Gentlemen Marry Brunettes

The talentless Jones sisters blew through Paris in the Twenties the toast of the town, because they wore practically nothing on stage.

The two daughters of one of the two have talent and modesty and are not a success, until they play the Casino at Monte Carlo in a performance actually subsidized by a wealthy friend and admirer (this is “Ain’t Misbehavin’”, an homage to Sternberg’s Blonde Venus).

Impecunious impresario, starving artiste (the secret millionaire), and the Jones sisters nevertheless pack it all in for marriage and the States.

Sale begins at the Musée Rodin and takes a grand tour of Paris, with a bit of the coast road and a view across the bay on the Côte d’Azur.

A.H. Weiler didn’t exert himself to understand this in his New York Times review, which is a great pity, to be sure.

Donen & Kelly’s Singin’ in the Rain is an important consideration.

 

Abandon Ship

A mine from the war drifts under the keel of a liner, splitting and sinking it within minutes, a thousand lives are lost and more, two dozen survivors cram the captain’s shore boat, a storm is brewing, the mate in command orders the weakest into the ocean.

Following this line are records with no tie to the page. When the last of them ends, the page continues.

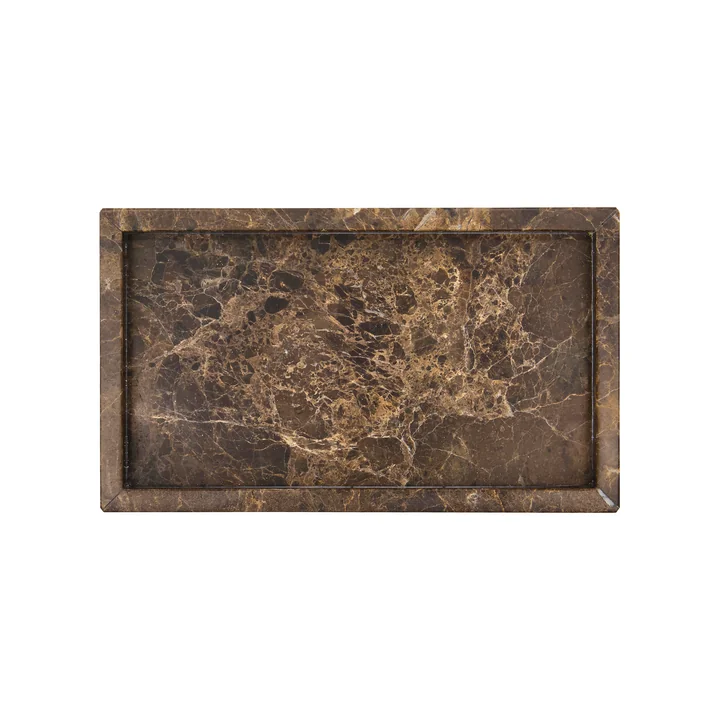 House Doctor - Able Dekotablett, 24 x 14 cm, Marmor braun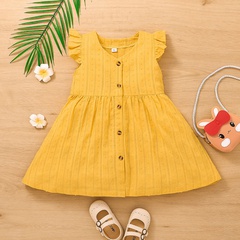 Girls 2022 summer yellow flying sleeve skirt children's clothing wholesale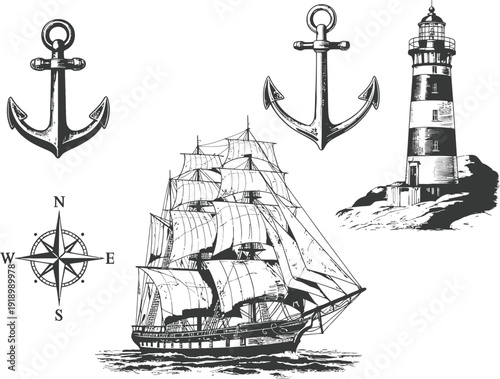 Nautical Illustration: Sailboat, Lighthouse, Anchors, Compass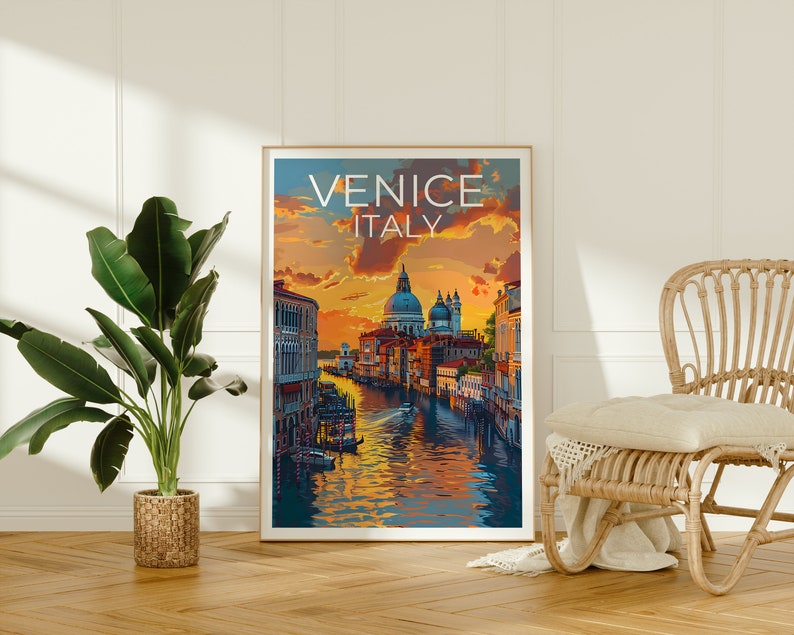 Venice Poster, Venice Print, Italy Poster, Italy Print, Venice Gondola Travel Poster, Italy Art, Venice Art
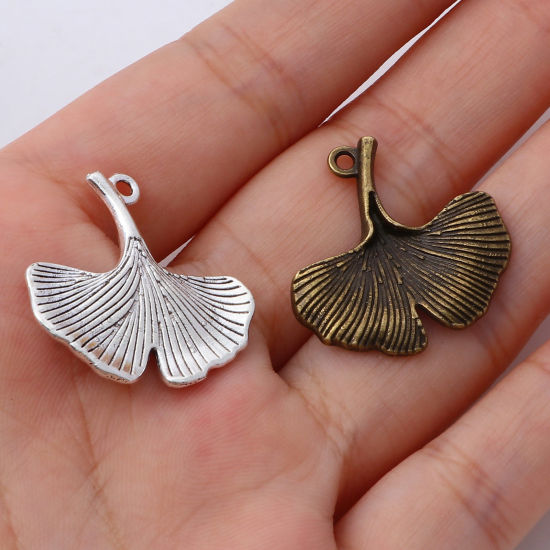 Picture of Zinc Based Alloy 3D Charms Multicolor Gingko Leaf 24mm x 24mm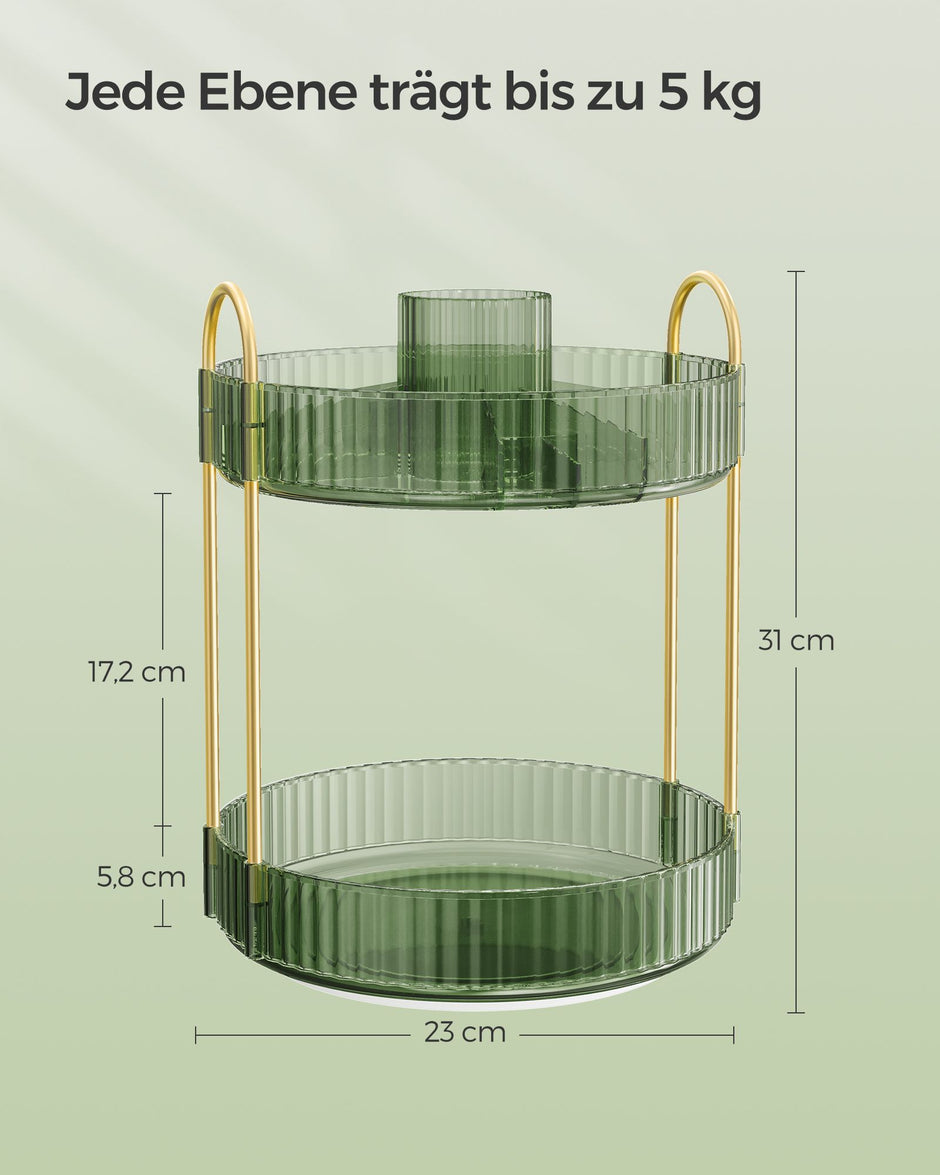 Make-up organizer – 360° draaibaar – lichtgroen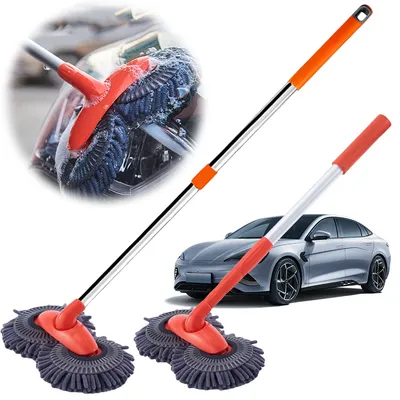 Car Wash Brush Double Brush Head Windshield Roof Wipe Clean Broom Car Cleaning Brush Windshield Roof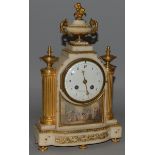 A GOOD 19TH CENTURY FRENCH WHITE MARBLE AND ORMOLU CLOCK by C. CLEMENT A. PARIS with circular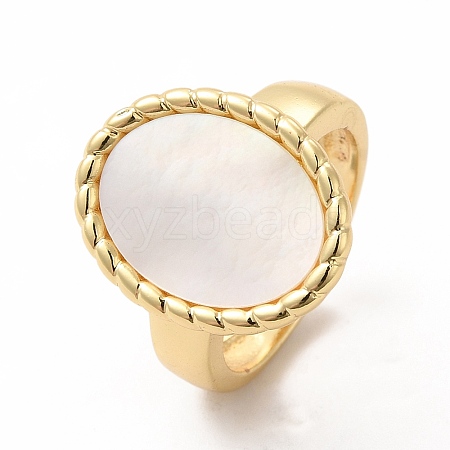 Natural Shell Oval Open Cuff Ring KK-A180-48G-1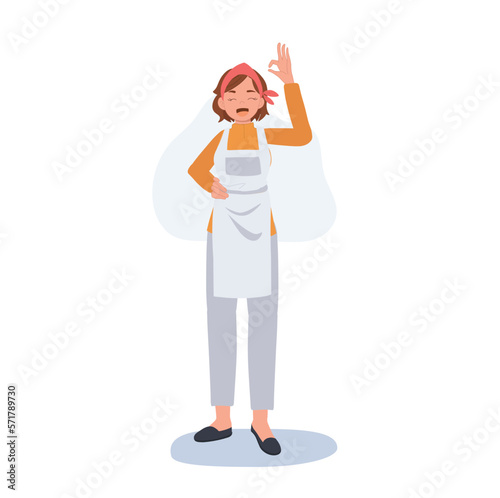 Professional Cleaner. people Character of Lady working as housekeeper is doing ok hand sign as a good job meaning. Flat vector illustration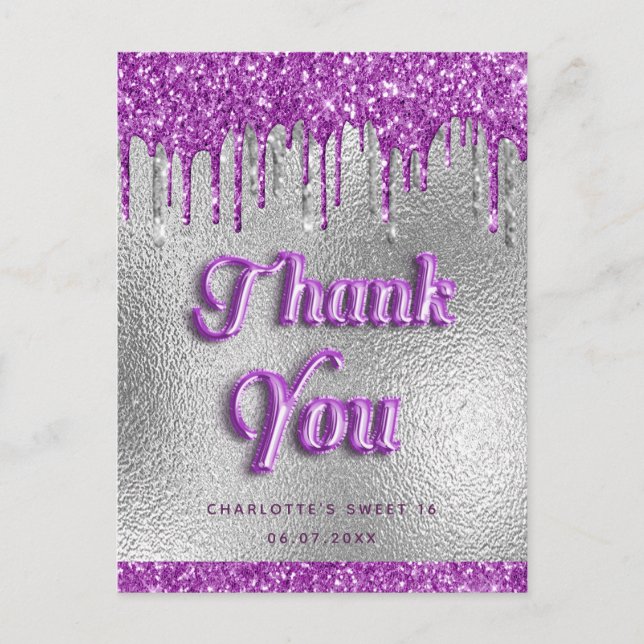Carte Postale Anniversaire argent parties scintillant violet mod (Devant)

Hitchcock’s Lifeboat from the German’s side, inveigling the audience (like Rossen’s All the King’s Men) into complicity and understanding by showing how it can happen here.

In the sum of human misery collected by Sale, excessively logical and quite irrational as it may be, the passengers go off cursing or forgiving, the terrible weight of circumstances dictates the outcome, it would seem.

Seven Waves Away is the British title.

“Initially gripping but finally depressing” (Halliwell’s Film Guide).